▶ [PROBLEM DESCRIPTION]: Without pictures, repeat the lines of the entries from the one containing "Mr M and Revelation" through the last, both ends included, and nothing else.
DATASET ENTRIES: Begin
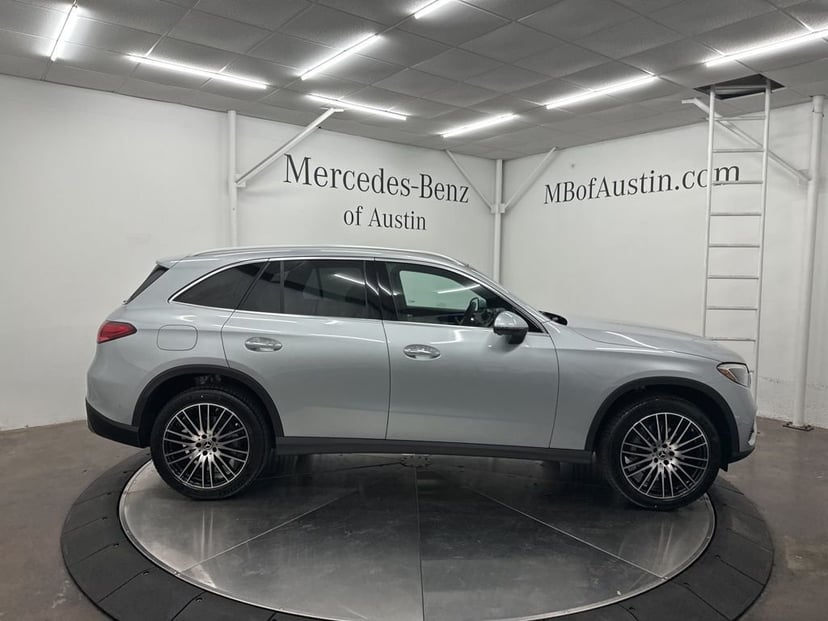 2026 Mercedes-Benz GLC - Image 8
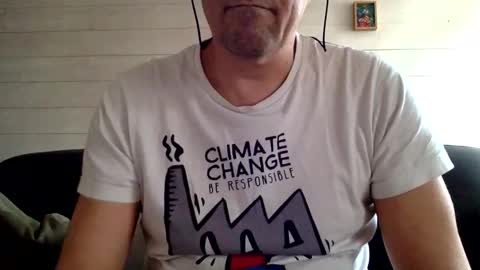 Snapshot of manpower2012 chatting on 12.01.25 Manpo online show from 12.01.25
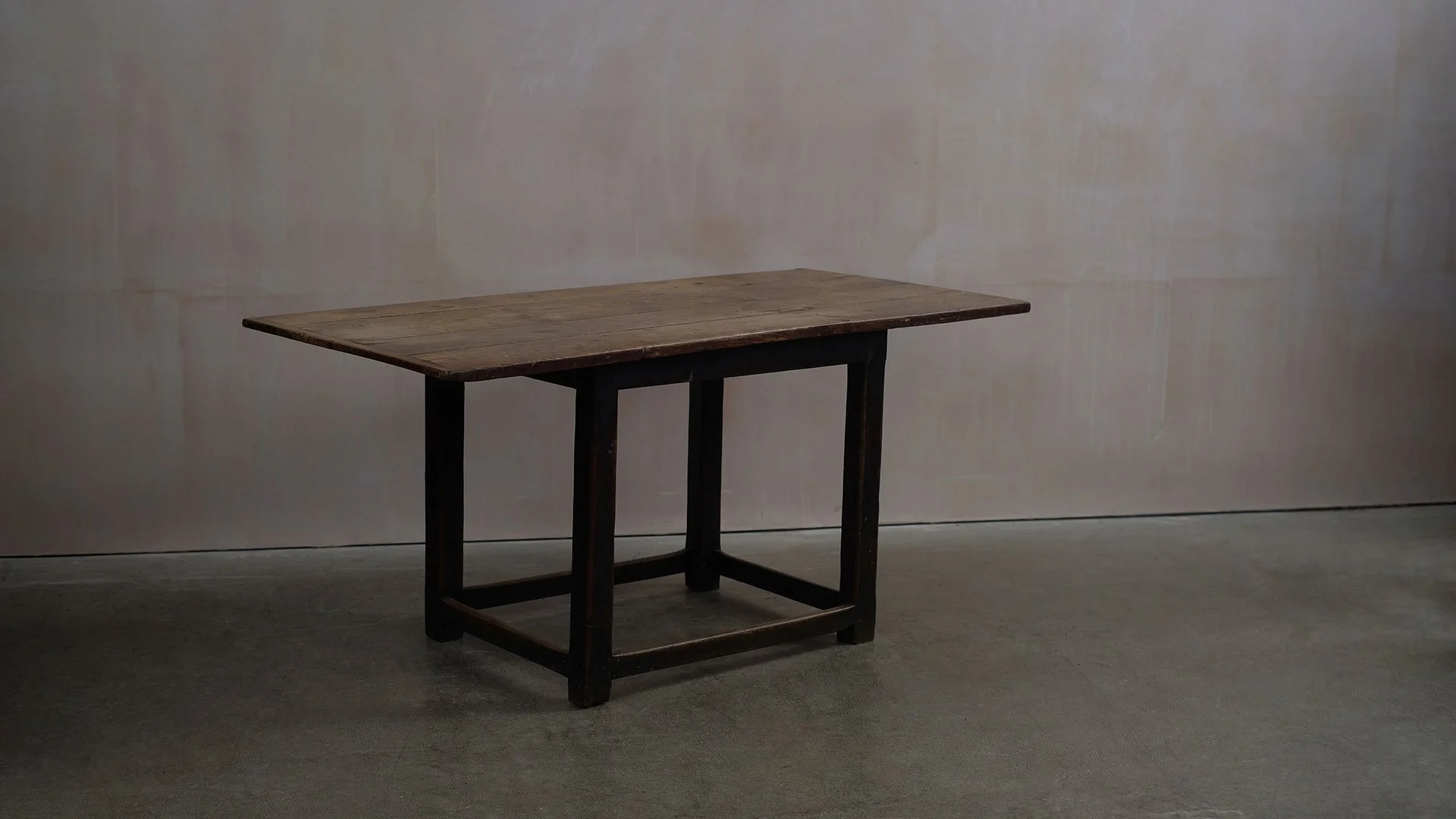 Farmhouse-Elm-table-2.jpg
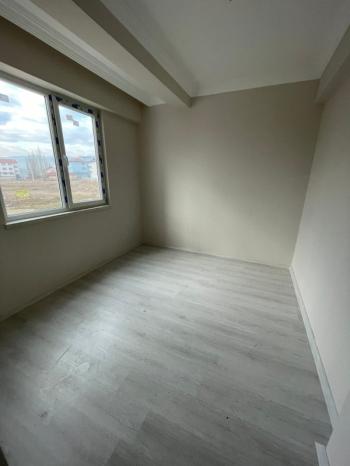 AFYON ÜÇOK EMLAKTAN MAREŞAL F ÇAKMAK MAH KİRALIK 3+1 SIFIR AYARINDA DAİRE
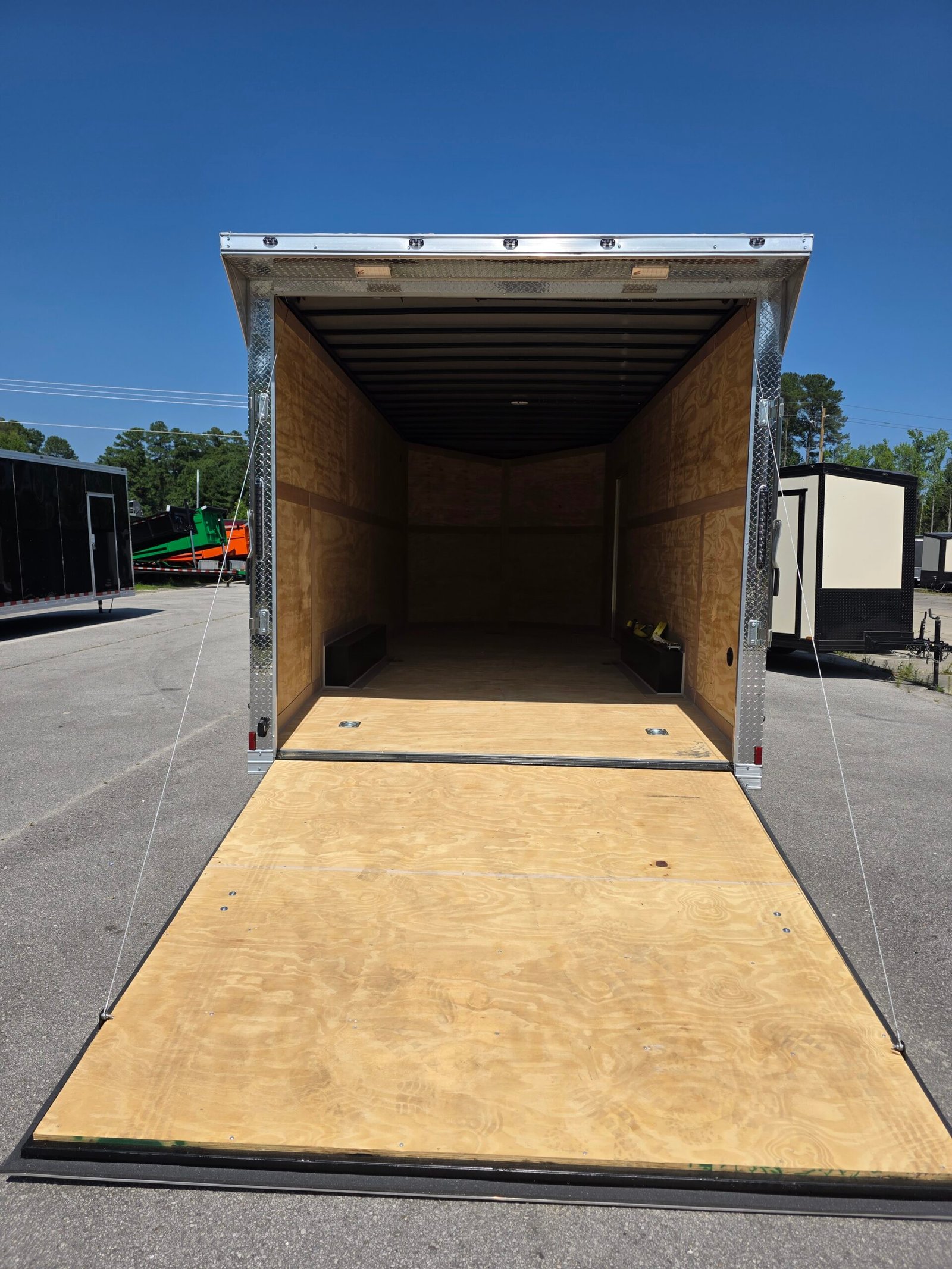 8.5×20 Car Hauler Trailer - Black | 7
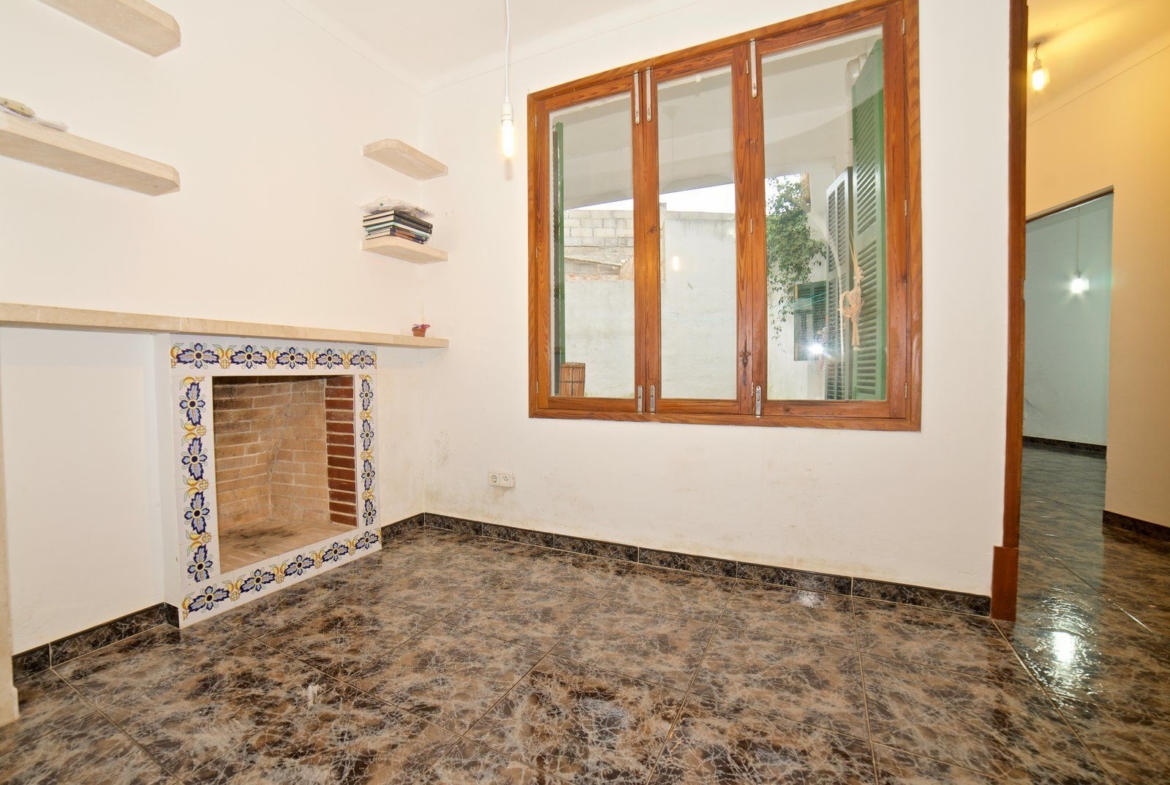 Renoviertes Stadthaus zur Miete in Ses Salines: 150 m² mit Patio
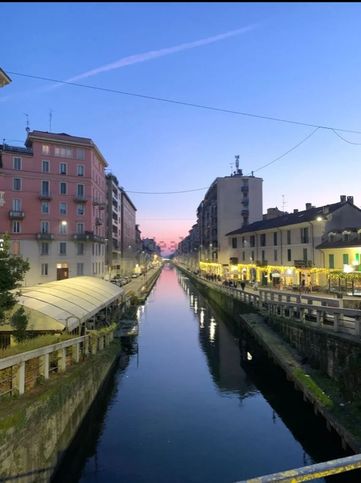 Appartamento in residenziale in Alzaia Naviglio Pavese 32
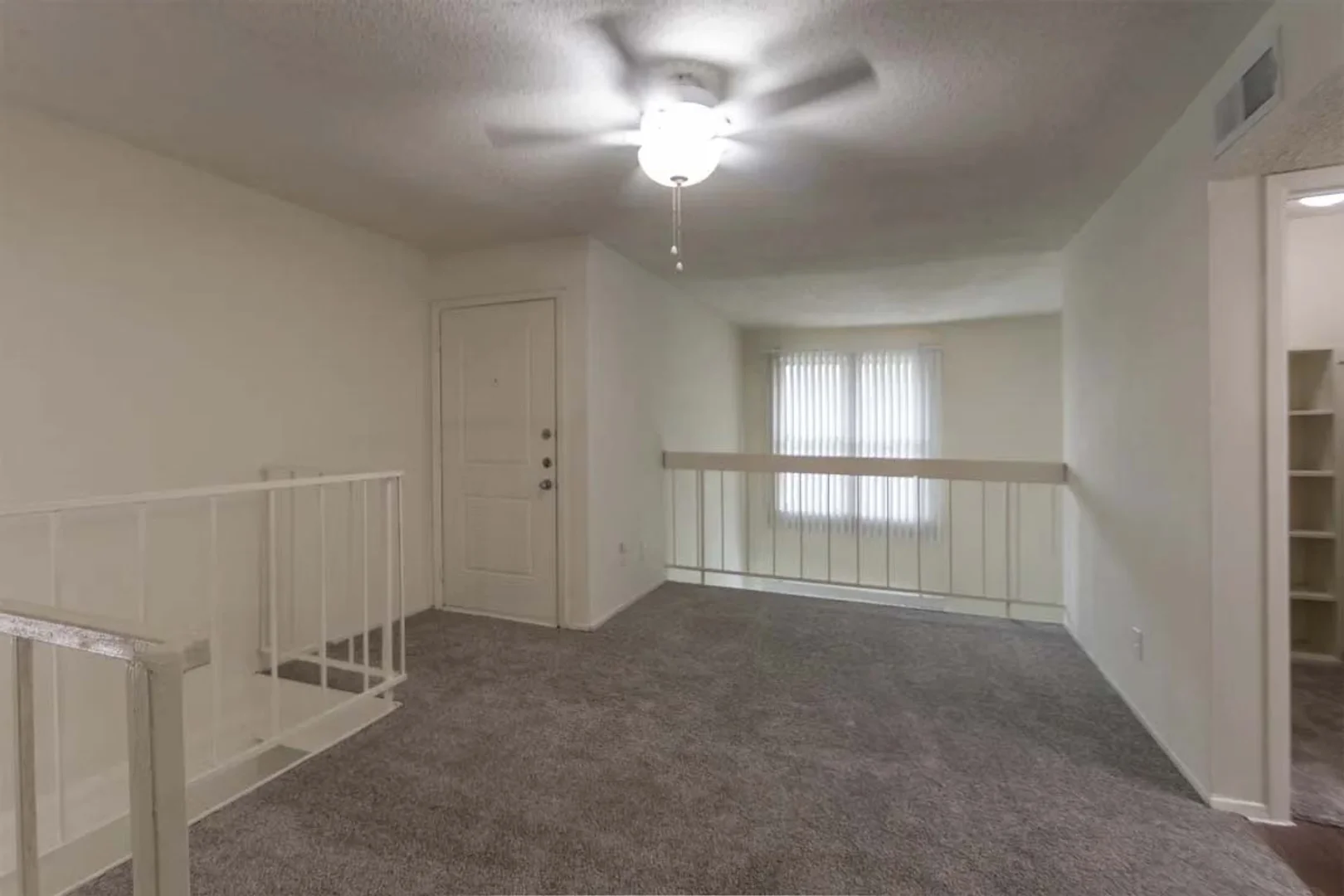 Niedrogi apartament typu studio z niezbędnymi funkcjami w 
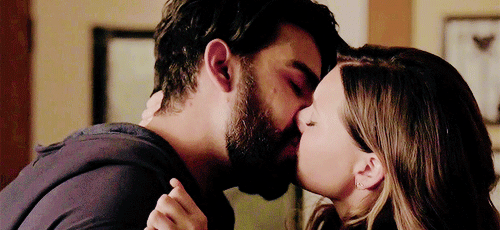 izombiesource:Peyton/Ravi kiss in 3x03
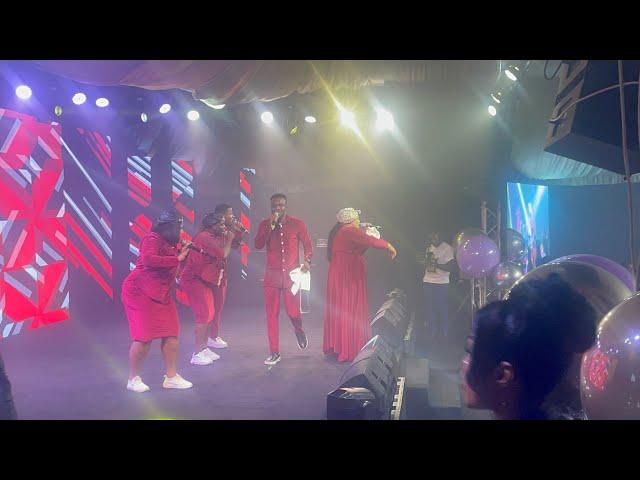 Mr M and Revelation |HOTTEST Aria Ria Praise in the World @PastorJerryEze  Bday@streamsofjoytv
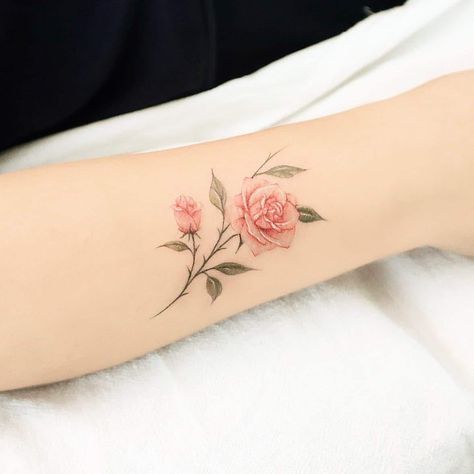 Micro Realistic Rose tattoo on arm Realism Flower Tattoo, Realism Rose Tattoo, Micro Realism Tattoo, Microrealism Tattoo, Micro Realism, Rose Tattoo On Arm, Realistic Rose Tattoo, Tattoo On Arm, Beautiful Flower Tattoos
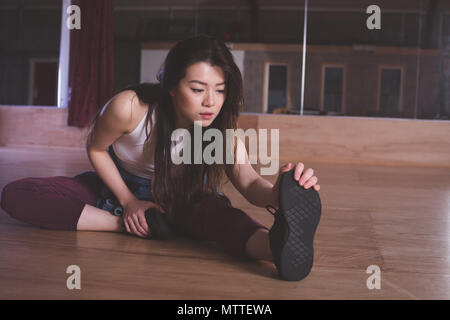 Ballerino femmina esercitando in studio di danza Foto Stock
DATASET ENTRIES: End
▶ [ANSWER SPACE]:
 Mr M and Revelation |HOTTEST Aria Ria Praise in the World @PastorJerryEze  Bday@streamsofjoytv
 Micro Realistic Rose tattoo on arm Realism Flower Tattoo, Realism Rose Tattoo, Micro Realism Tattoo, Microrealism Tattoo, Micro Realism, Rose Tattoo On Arm, Realistic Rose Tattoo, Tattoo On Arm, Beautiful Flower Tattoos
 Ballerino femmina esercitando in studio di danza Foto Stock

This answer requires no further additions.